Wat doen we wanneer we onze gedachten opmaken? We zetten gewoon de deuren open voor omringende invloeden om te zien wat zwaarder weegt. Vaak, wanneer we een bepaalde weg wensen, zijn we volkomen niet in staat enige rationele reden te geven voor onze beslissing. Ik heb zojuist gesproken met een lid van het Gekozen Ras, die in Palestina veel nodeloos ongemak ondergaat. Er is geen gebrek aan geld. Veel zonen in de Verenigde Staten zijn succesvolle ondernemers. "Ik wil niet dat zij weten hoe het met me gaat, anders zouden ze een vliegtuig huren en me thuis brengen. Waarom zou ik hier blijven? Ik weet het niet! Ik kwam hier op bezoek en ik kan niet vertrekken. Ongemakken, spanningen en isolatie door mijn geliefden zouden me weg moeten trekken. Er is iets in mij dat ik niet kan verklaren. Het houdt mij hier." De heilige verbanden van Palestina hebben veel te maken met de wil van het Joodse volk.

Maar een gelovige zou niet gevangen moeten zijn in de stroom van de geest die de zonen van de koppigheid meedraagt naar vernietiging. Zij zouden niet de bevelen van het vlees moeten gehoorzamen. Hun eigen willen houden zich bezig met het vlees. Maar wij zijn niet in vlees, maar in geest. De bevelen er van zouden geen deel moeten hebben in onze levens. De houding er van is dood. Ons bevattingsvermogen is niet langer verduisterd, dat is waar, maar al het feitelijke licht dat het heeft, komt direct van God, door Zijn geest, door Zijn Woord. In werkelijkheid is het niet van ons, maar van God.
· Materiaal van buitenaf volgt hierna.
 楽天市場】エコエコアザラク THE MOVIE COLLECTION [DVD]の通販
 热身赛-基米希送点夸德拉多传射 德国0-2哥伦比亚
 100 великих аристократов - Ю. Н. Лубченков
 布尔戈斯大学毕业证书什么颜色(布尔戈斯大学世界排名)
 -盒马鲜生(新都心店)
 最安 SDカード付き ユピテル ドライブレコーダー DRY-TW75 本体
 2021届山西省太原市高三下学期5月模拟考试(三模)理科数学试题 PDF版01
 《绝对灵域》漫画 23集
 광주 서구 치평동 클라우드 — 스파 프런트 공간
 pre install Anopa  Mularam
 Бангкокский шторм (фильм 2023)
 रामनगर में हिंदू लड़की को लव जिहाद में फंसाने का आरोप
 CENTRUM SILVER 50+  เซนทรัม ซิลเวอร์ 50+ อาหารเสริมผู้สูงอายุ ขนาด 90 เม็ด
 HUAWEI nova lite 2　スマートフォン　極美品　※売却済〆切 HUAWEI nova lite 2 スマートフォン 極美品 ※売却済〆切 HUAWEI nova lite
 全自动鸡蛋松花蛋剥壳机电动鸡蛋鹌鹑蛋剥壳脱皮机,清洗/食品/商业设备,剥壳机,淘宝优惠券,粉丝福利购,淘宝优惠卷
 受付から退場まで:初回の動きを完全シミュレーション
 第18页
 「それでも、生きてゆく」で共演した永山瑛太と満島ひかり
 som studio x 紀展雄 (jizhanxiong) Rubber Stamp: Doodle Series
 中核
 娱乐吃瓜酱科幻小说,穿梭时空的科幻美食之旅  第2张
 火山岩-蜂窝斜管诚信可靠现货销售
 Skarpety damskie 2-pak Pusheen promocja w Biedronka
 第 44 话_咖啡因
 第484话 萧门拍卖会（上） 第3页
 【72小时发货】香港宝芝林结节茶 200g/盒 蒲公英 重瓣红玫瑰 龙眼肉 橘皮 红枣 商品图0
In plaats van de boze geest die werkzaam is in de zonen van koppigheid, worden we gedreven door de heilige geest van God. Het vlees geheel buiten beschouwing latend werkt de geest in op ons denken om het te vernieuwen door middel van God's geschreven onthulling, zodat we met zekerheid mogen weten wat God's wil is, want alleen die is goed en aangenaam en volwassen (Rom. 12:2). De wil is niet langer een mysterieuze, onbewuste combinatie, in het donker gevormd zonder onze verstandelijke samenwerking, maar een eenvoudige, niet-samengestelde, verlichte afwijzing van de invloed van het vlees, van ons eigen bevattingsvermogen, en van de boze geest die ons omringt, en een intelligent aanvaarden van God's onthulling door de kracht van Zijn heilige geest.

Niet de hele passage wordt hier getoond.